Aircraft mechanic helps us understand what actually happens when a cabin window shatters
This week, an aircraft mechanic with a sense of humor and half a million Instagram followers posted a reel I found fascinating. In it, Max of @airplanefactswithmax explained that the “window glass” on your side of the cabin isn’t the true airplane window at all. In fact, it’s not glass, either. The reel earned half a million “likes” on Instagram. It’s embedded below.
The clip begins with a woman recording what she calls a broken cabin window beside her seat. Indeed, the window looks shattered.
“So that’s not actually a broken airplane window.”
Max cuts in. He explains that the woman is filming a broken “reveal.” Reveals are plastic panels positioned a short distance behind the actual airplane window. They’re mounted in the cabin’s side panel walls, not in the exterior fuselage.
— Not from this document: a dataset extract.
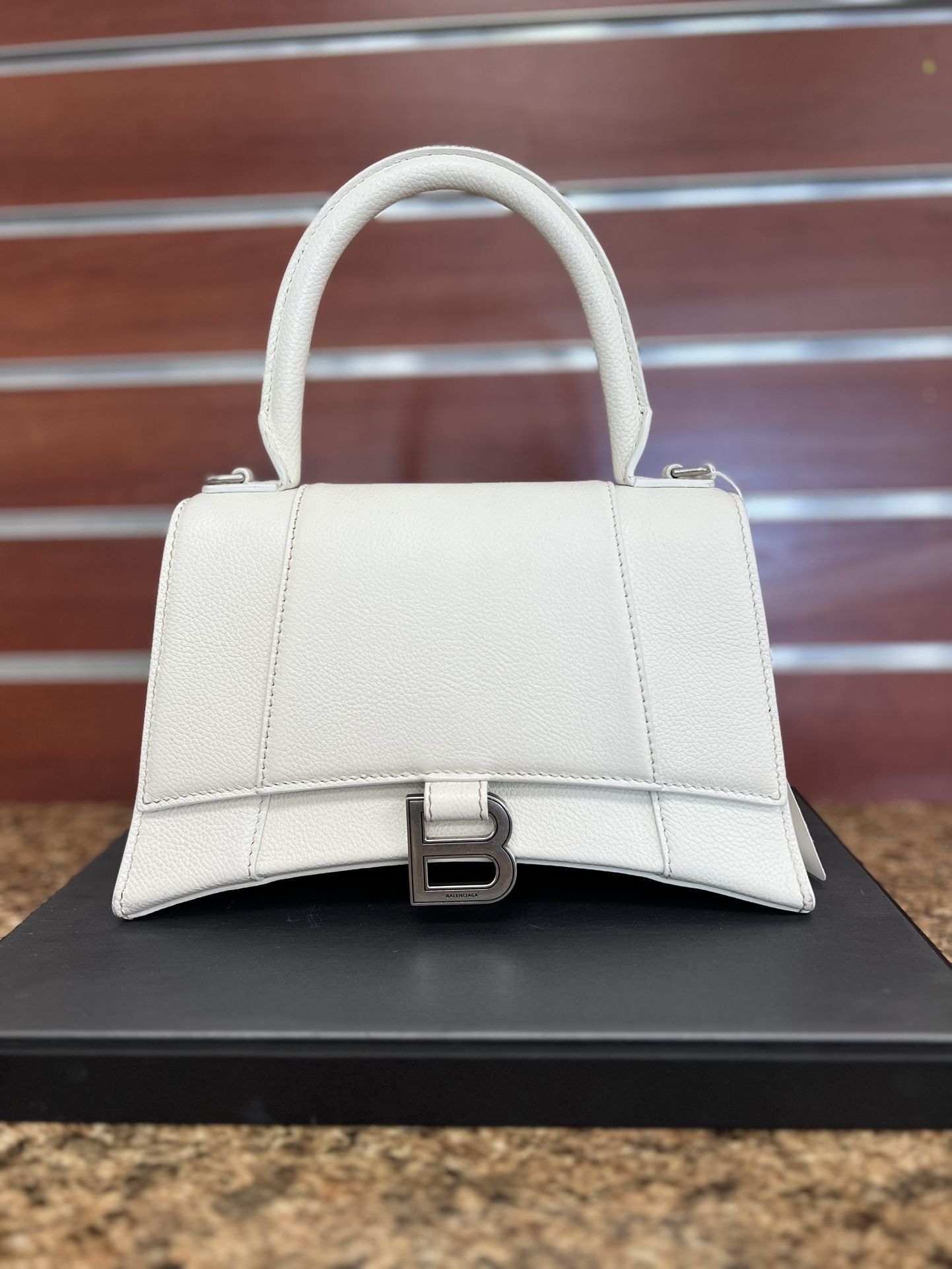 Balenciaga Purse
Humor aside, broken plastic window reveals don’t directly cause an immediate safety issue. The cabin panels and these reveals separate the passenger area from the aircraft’s “unaesthetic” exterior layers. They also help insulate loud flight noise.
So, “mostly nothing” happens if something damages a window reveal from the cabin side. This is why the woman at the beginning of Max’s explainer could comfortably film the broken plastic without supplemental oxygen or anything disturbing happening in the background. Of course, in a sense, a damaged window reveal isn’t ideal because it leaves only one “layer” between the passenger and the atmosphere.
Now, if an airplane’s real glass window shatters or otherwise fails, that’s a huge problem. At 30,000 to 40,000 feet, the cabin would suffer rapid decompression and a temperature drop. The thin air depletes oxygen levels, and passengers require supplemental oxygen. Lastly, the hole in the plane would create a vacuum effect, which would suck objects or even people toward the gap in the fuselage. An actual broken airplane window requires a quick and efficient emergency landing.